▶ **What you should do**:
Every record, from the first to the last, is to be printed again exactly.

Caption-style text data:
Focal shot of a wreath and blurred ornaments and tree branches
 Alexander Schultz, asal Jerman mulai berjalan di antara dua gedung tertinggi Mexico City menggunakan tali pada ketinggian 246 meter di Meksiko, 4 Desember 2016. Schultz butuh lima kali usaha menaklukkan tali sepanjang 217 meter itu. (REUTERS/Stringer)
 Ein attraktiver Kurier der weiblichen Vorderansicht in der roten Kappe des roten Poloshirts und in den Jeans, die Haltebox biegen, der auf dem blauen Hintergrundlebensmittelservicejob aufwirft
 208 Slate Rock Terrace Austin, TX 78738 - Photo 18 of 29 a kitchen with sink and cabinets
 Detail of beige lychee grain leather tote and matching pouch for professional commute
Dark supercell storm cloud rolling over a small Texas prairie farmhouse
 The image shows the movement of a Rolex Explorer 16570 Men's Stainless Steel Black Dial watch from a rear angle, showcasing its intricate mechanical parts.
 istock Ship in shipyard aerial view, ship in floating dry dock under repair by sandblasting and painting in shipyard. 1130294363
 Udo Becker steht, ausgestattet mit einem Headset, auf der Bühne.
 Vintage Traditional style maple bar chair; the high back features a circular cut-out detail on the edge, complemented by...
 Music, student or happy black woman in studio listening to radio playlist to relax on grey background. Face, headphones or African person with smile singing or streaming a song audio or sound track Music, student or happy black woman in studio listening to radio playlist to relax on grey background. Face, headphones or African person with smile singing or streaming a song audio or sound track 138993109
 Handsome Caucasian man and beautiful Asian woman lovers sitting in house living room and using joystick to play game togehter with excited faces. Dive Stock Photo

▶ **Exercise answer**:
Focal shot of a wreath and blurred ornaments and tree branches
 Alexander Schultz, asal Jerman mulai berjalan di antara dua gedung tertinggi Mexico City menggunakan tali pada ketinggian 246 meter di Meksiko, 4 Desember 2016. Schultz butuh lima kali usaha menaklukkan tali sepanjang 217 meter itu. (REUTERS/Stringer)
 Ein attraktiver Kurier der weiblichen Vorderansicht in der roten Kappe des roten Poloshirts und in den Jeans, die Haltebox biegen, der auf dem blauen Hintergrundlebensmittelservicejob aufwirft
 208 Slate Rock Terrace Austin, TX 78738 - Photo 18 of 29 a kitchen with sink and cabinets
 Detail of beige lychee grain leather tote and matching pouch for professional commute
Dark supercell storm cloud rolling over a small Texas prairie farmhouse
 The image shows the movement of a Rolex Explorer 16570 Men's Stainless Steel Black Dial watch from a rear angle, showcasing its intricate mechanical parts.
 istock Ship in shipyard aerial view, ship in floating dry dock under repair by sandblasting and painting in shipyard. 1130294363
 Udo Becker steht, ausgestattet mit einem Headset, auf der Bühne.
 Vintage Traditional style maple bar chair; the high back features a circular cut-out detail on the edge, complemented by...
 Music, student or happy black woman in studio listening to radio playlist to relax on grey background. Face, headphones or African person with smile singing or streaming a song audio or sound track Music, student or happy black woman in studio listening to radio playlist to relax on grey background. Face, headphones or African person with smile singing or streaming a song audio or sound track 138993109
 Handsome Caucasian man and beautiful Asian woman lovers sitting in house living room and using joystick to play game togehter with excited faces. Dive Stock Photo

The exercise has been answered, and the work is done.